Omitting all pictures, copy word for word the lines from the line containing "Free Work Sock Dog Coat Knit Pattern" through the final line of the entries.

==== RECORD SET ====

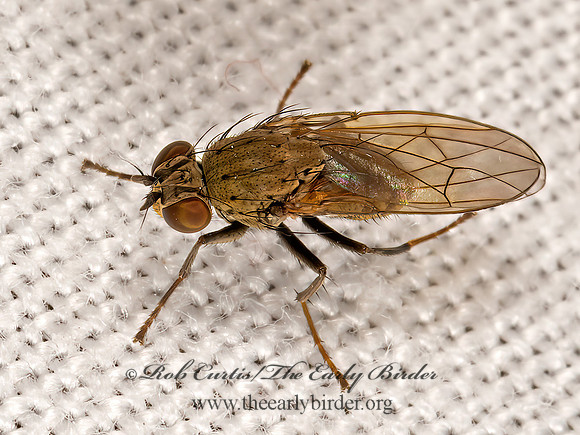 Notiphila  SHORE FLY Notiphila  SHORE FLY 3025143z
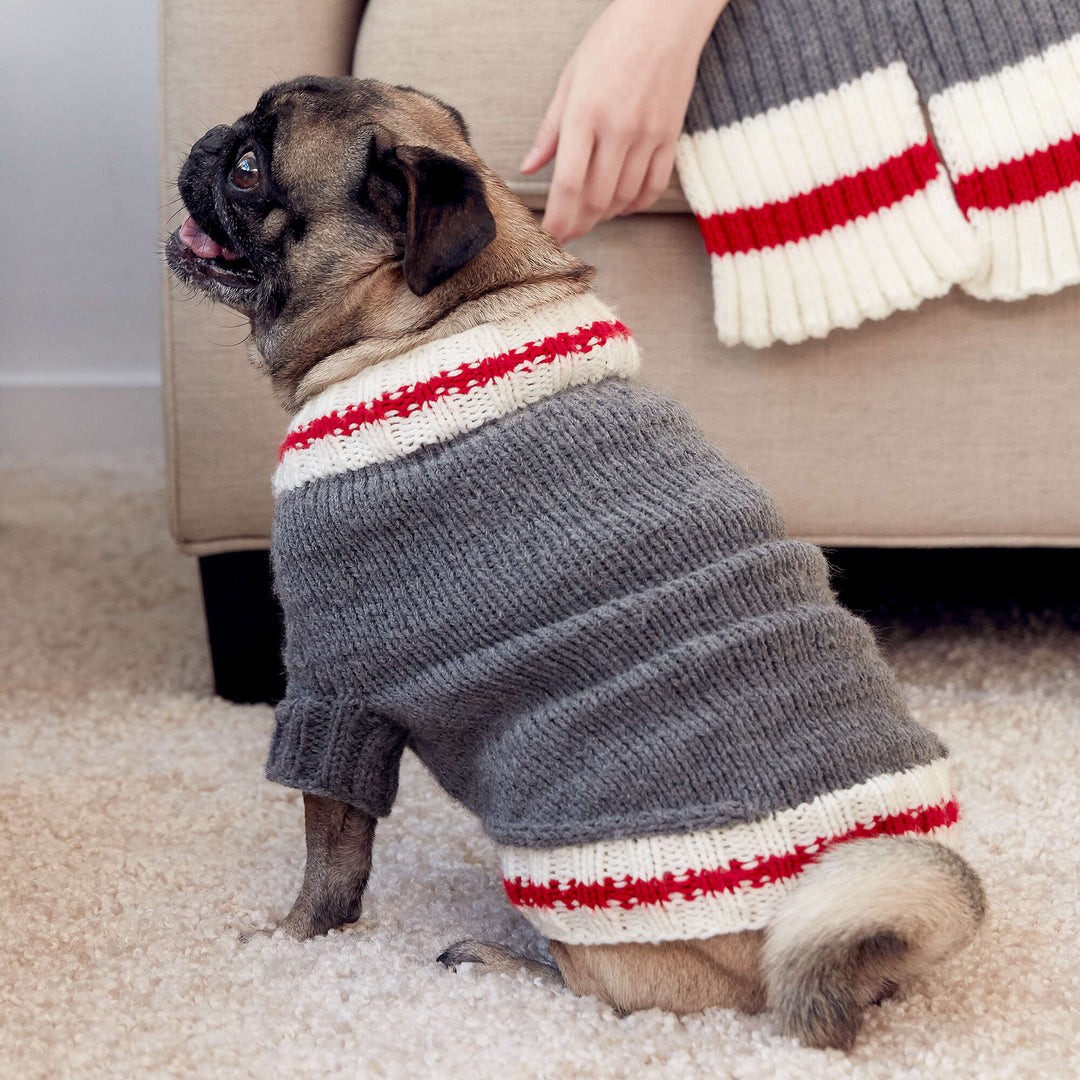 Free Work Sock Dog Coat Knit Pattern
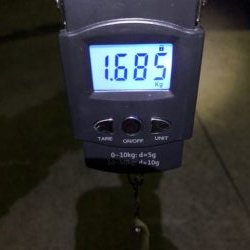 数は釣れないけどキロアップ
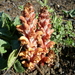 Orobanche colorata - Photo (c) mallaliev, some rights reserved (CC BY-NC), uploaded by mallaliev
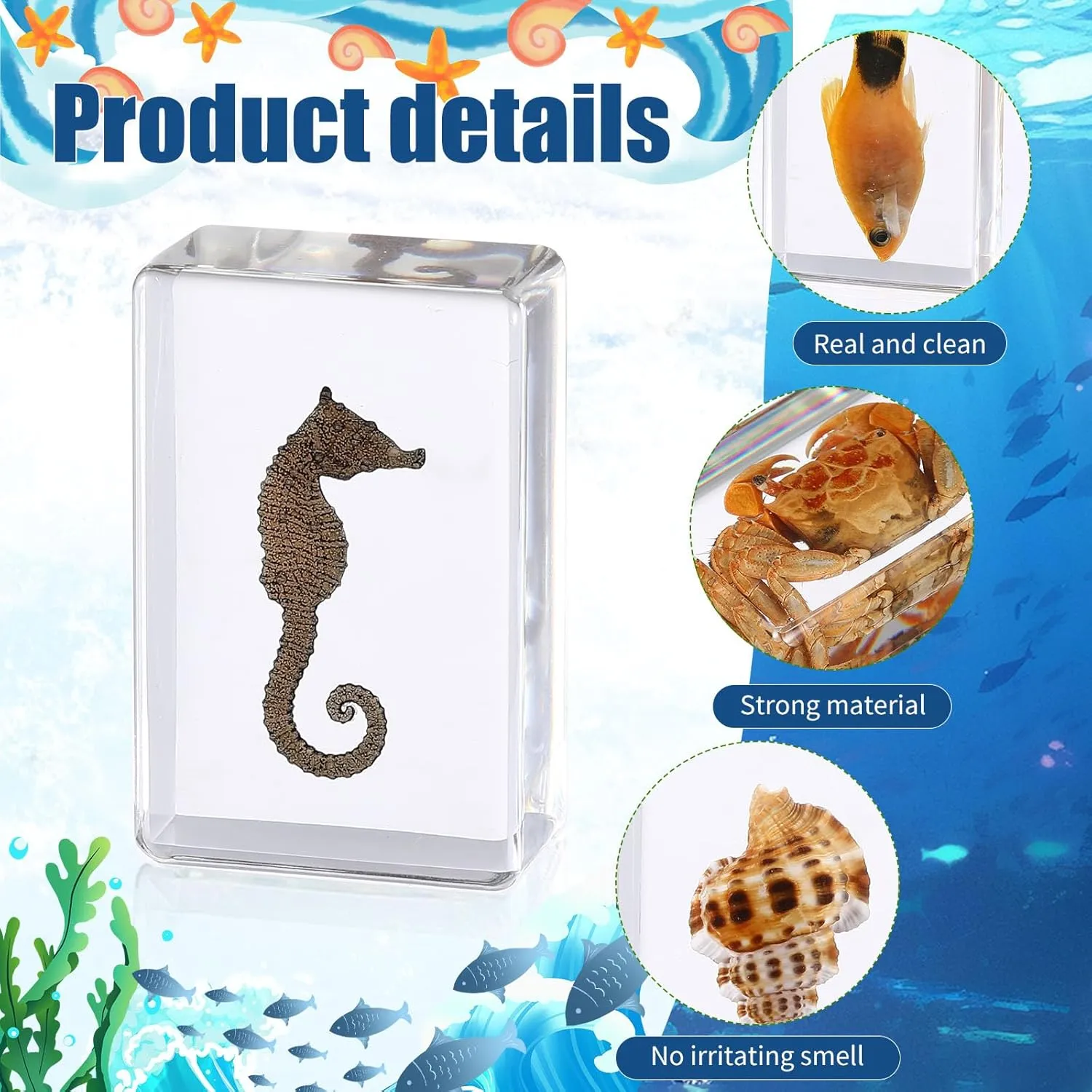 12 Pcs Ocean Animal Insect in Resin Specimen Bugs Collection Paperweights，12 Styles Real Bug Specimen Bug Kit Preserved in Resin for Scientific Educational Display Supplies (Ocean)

====

● OUTPUT FOR THIS EXERCISE
 Free Work Sock Dog Coat Knit Pattern
 数は釣れないけどキロアップ
 Orobanche colorata - Photo (c) mallaliev, some rights reserved (CC BY-NC), uploaded by mallaliev
 12 Pcs Ocean Animal Insect in Resin Specimen Bugs Collection Paperweights，12 Styles Real Bug Specimen Bug Kit Preserved in Resin for Scientific Educational Display Supplies (Ocean)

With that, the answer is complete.